(Caption-style text data)

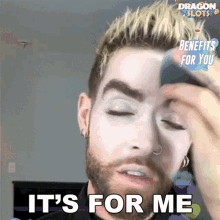 Its For Me Nick Metos GIF - Its For Me Nick Metos Starmaker GIFs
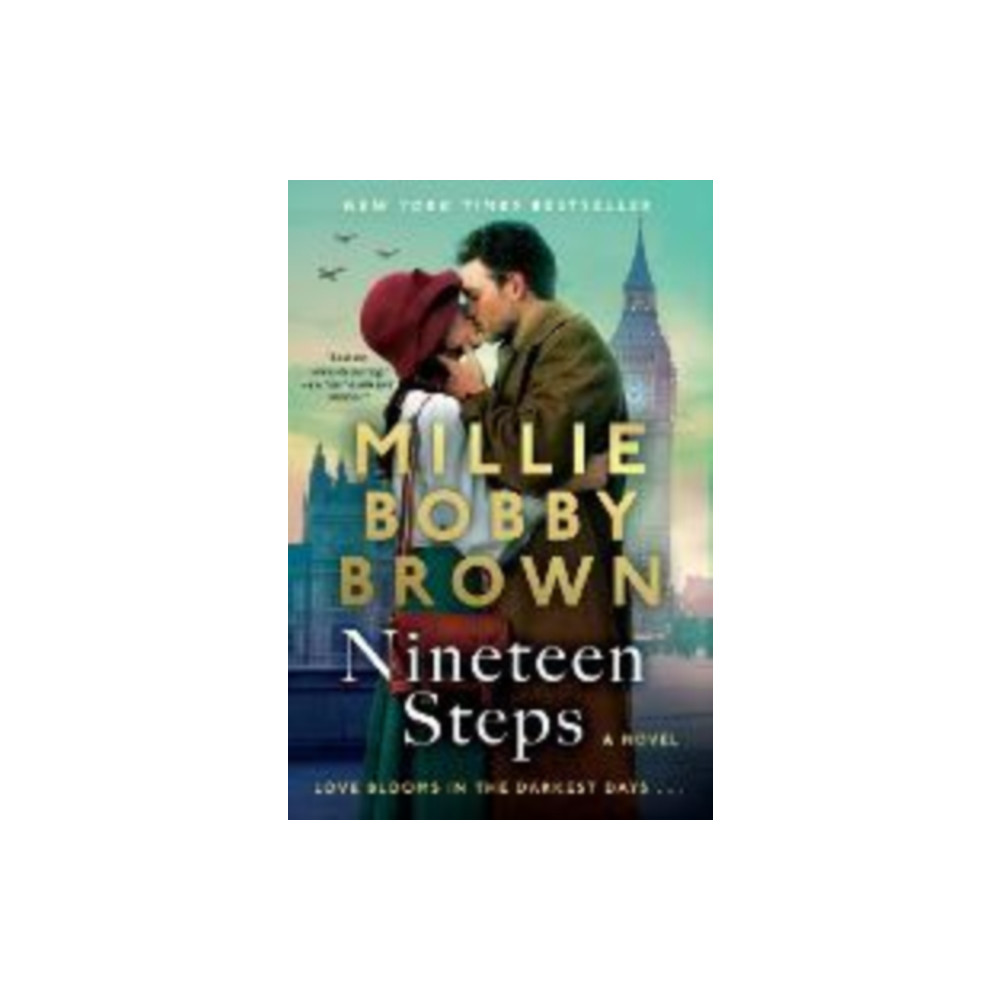 Produktbild för Nineteen Steps (häftad, eng)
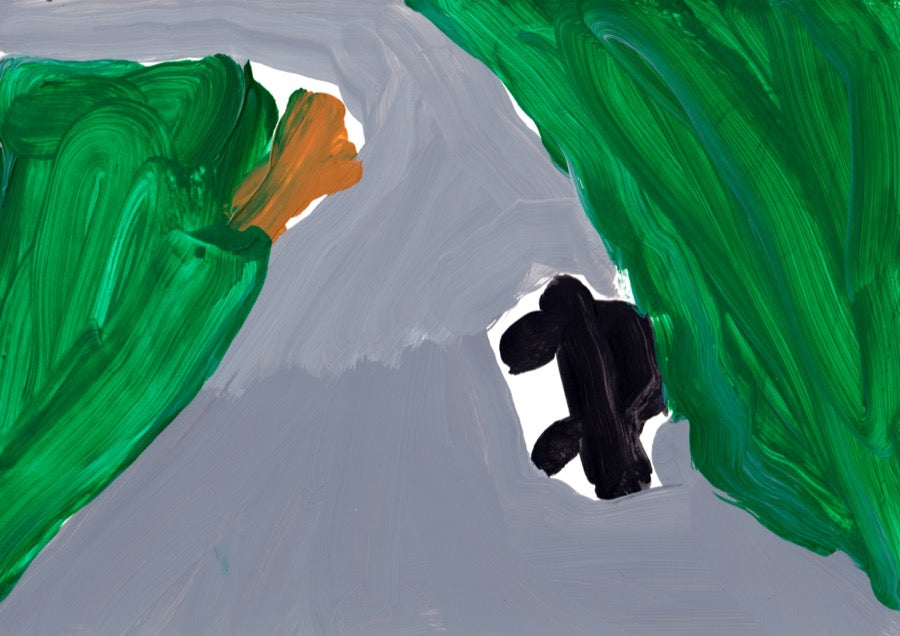 Masanao Hirayama - 走り屋 (9417), 2022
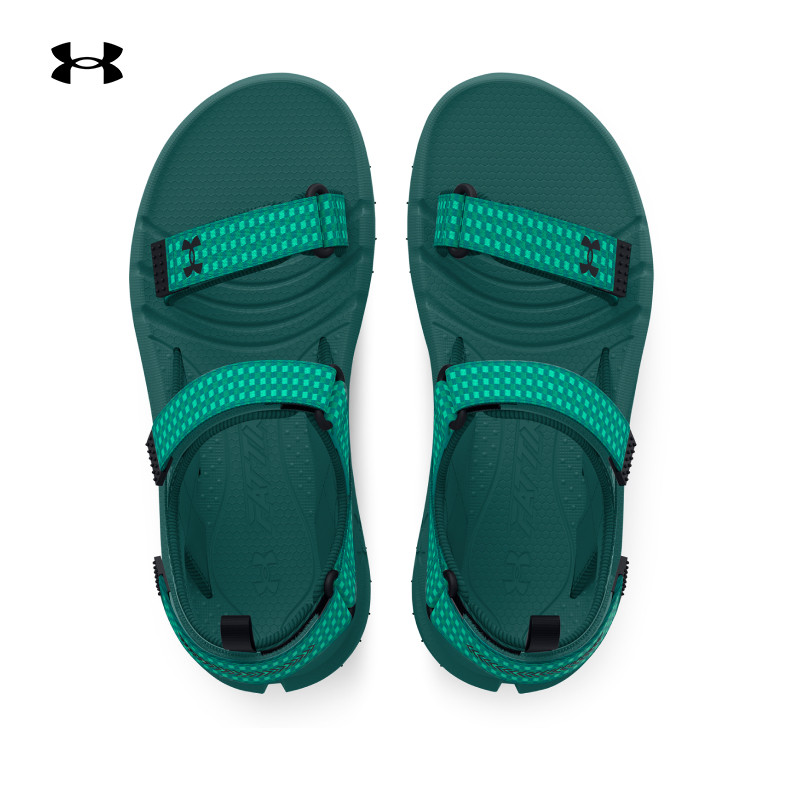 安德玛官方UA春夏男女情侣厚胎登山运动休闲拖鞋3026937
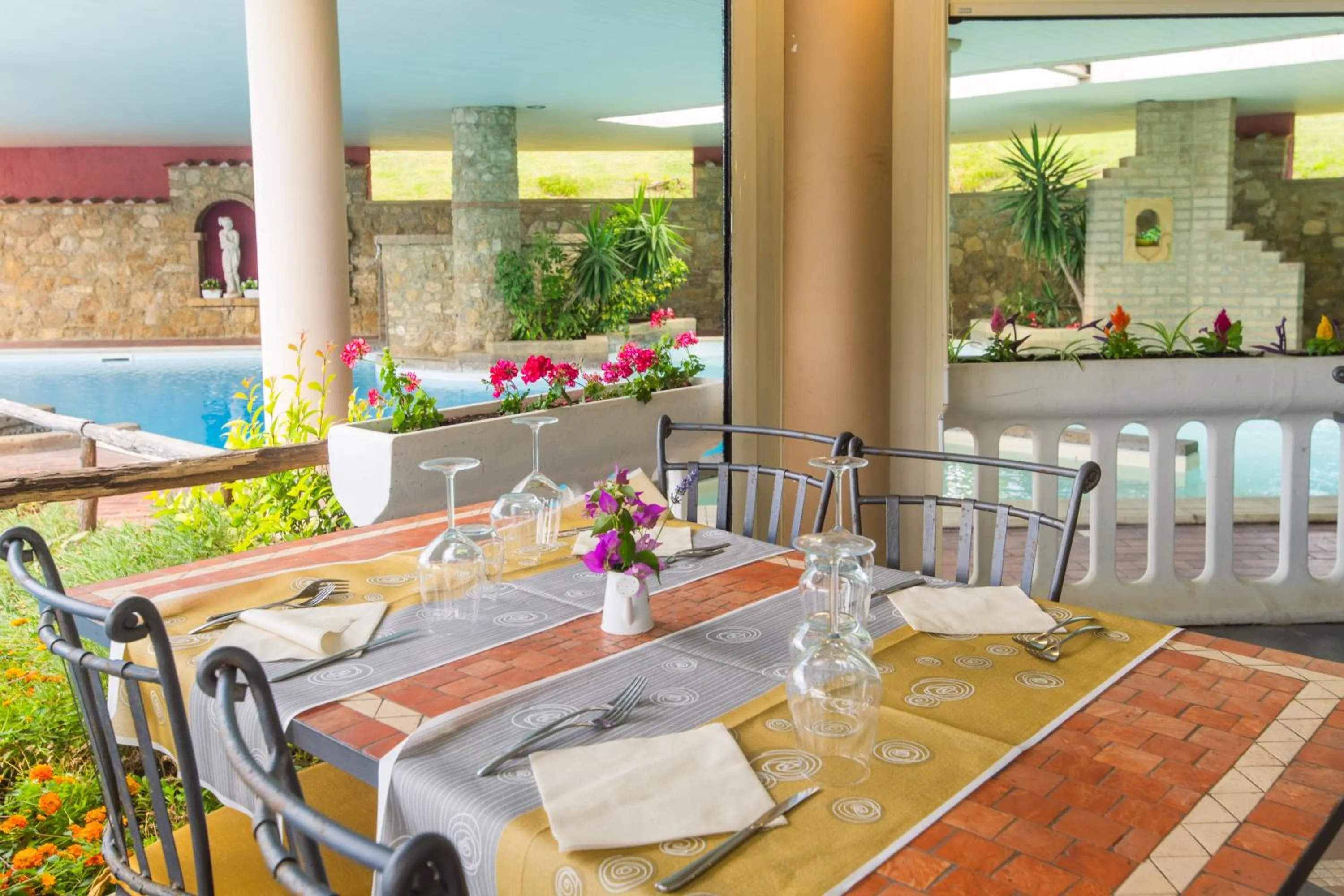 Restaurant/places to eat in Borgo Felciaione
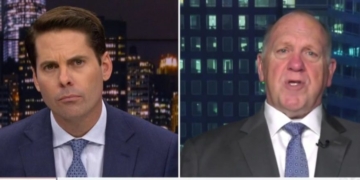 Tom Homan Says Great Replacement Theory Could Backfire On Dems And Ramp Up Trump Support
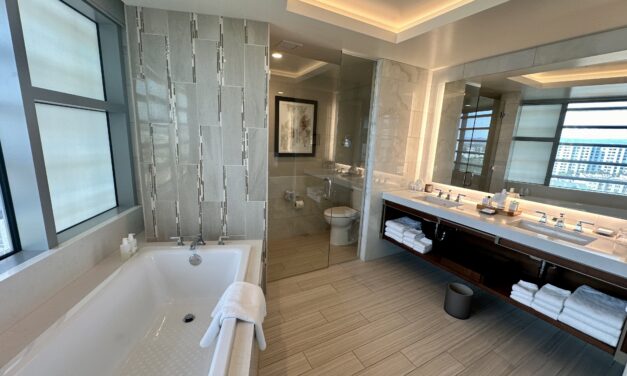 Luxury Disneyland Hotel Review: JW Marriott Anaheim Executive Suite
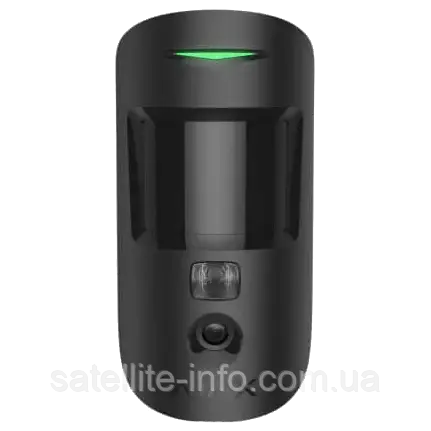 MotionCam Jeweller Бездротовий датчик руху, що знімає фото по тривозі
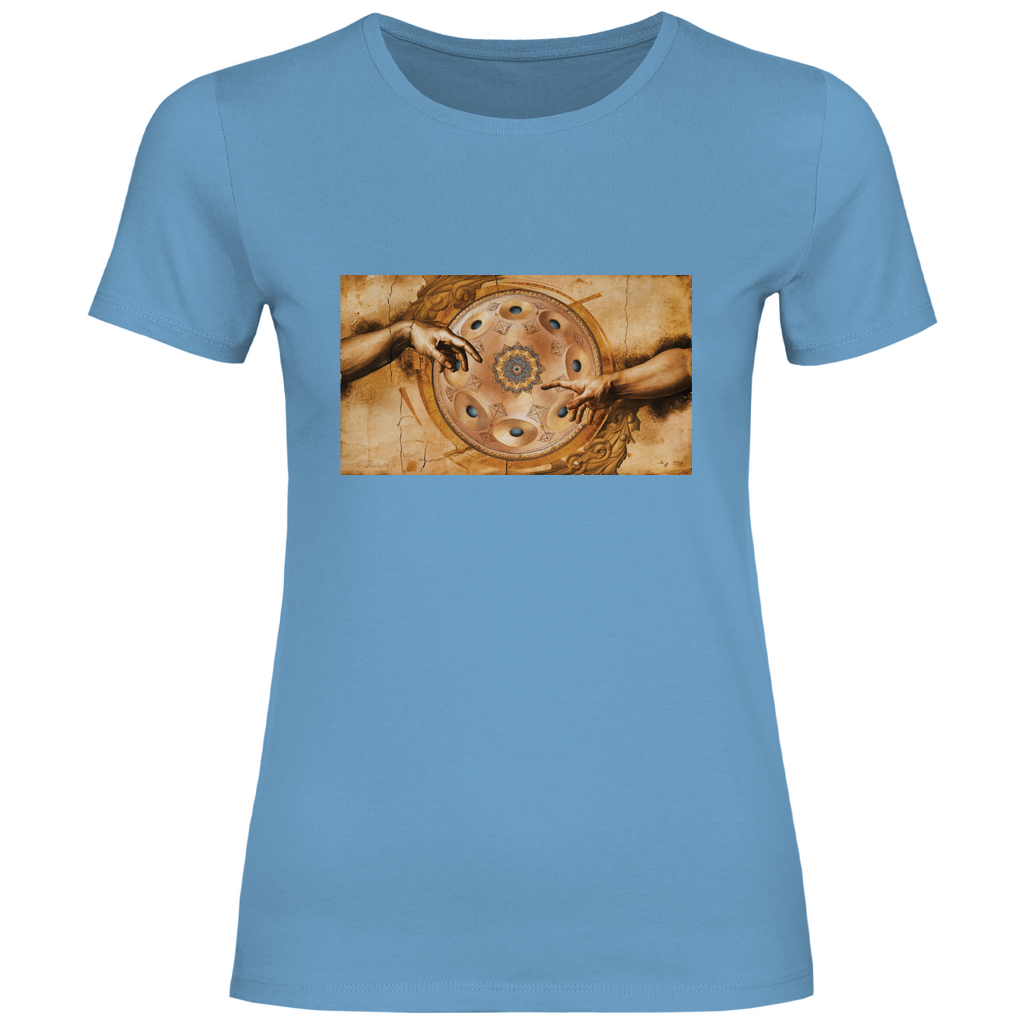 Damen T-Shirt GOD`S FINGER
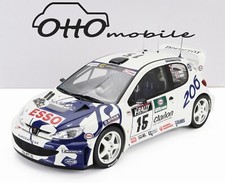 Otto Mobile PEUGEOT 206 WRC RALLY TOUR DE CORSE 1999 #15  L.E. of 2000  1/12 New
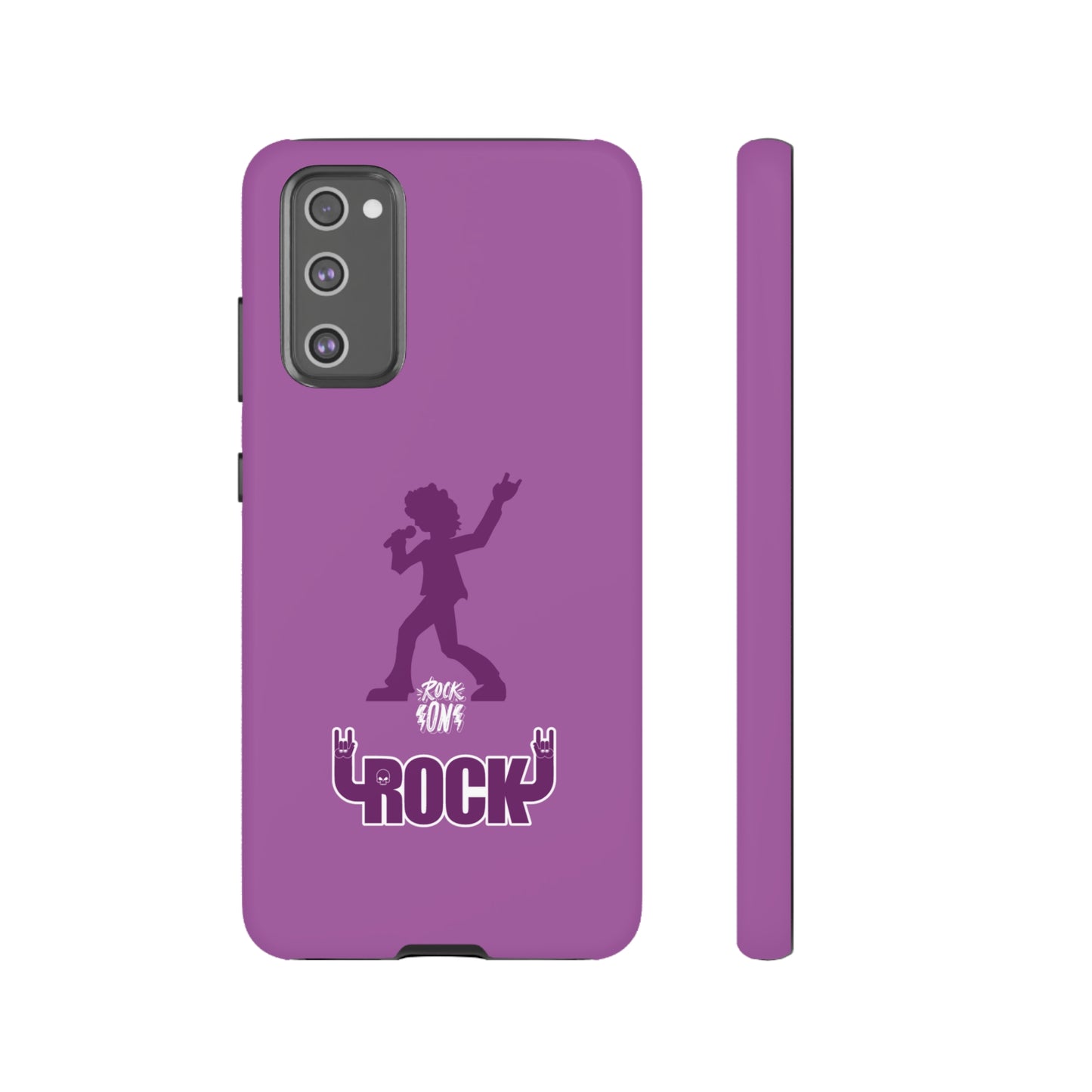 Rock On Purple Rockstar | Mostly Android Cases | MAC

#### Problem details:
An exact copy of the records above is required, leaving out the pictures.

#### Output below:
 Its For Me Nick Metos GIF - Its For Me Nick Metos Starmaker GIFs
 Produktbild för Nineteen Steps (häftad, eng)
 Masanao Hirayama - 走り屋 (9417), 2022
 安德玛官方UA春夏男女情侣厚胎登山运动休闲拖鞋3026937
 Restaurant/places to eat in Borgo Felciaione
 Tom Homan Says Great Replacement Theory Could Backfire On Dems And Ramp Up Trump Support
 Luxury Disneyland Hotel Review: JW Marriott Anaheim Executive Suite
 MotionCam Jeweller Бездротовий датчик руху, що знімає фото по тривозі
 Damen T-Shirt GOD`S FINGER
 Otto Mobile PEUGEOT 206 WRC RALLY TOUR DE CORSE 1999 #15  L.E. of 2000  1/12 New
 Rock On Purple Rockstar | Mostly Android Cases | MAC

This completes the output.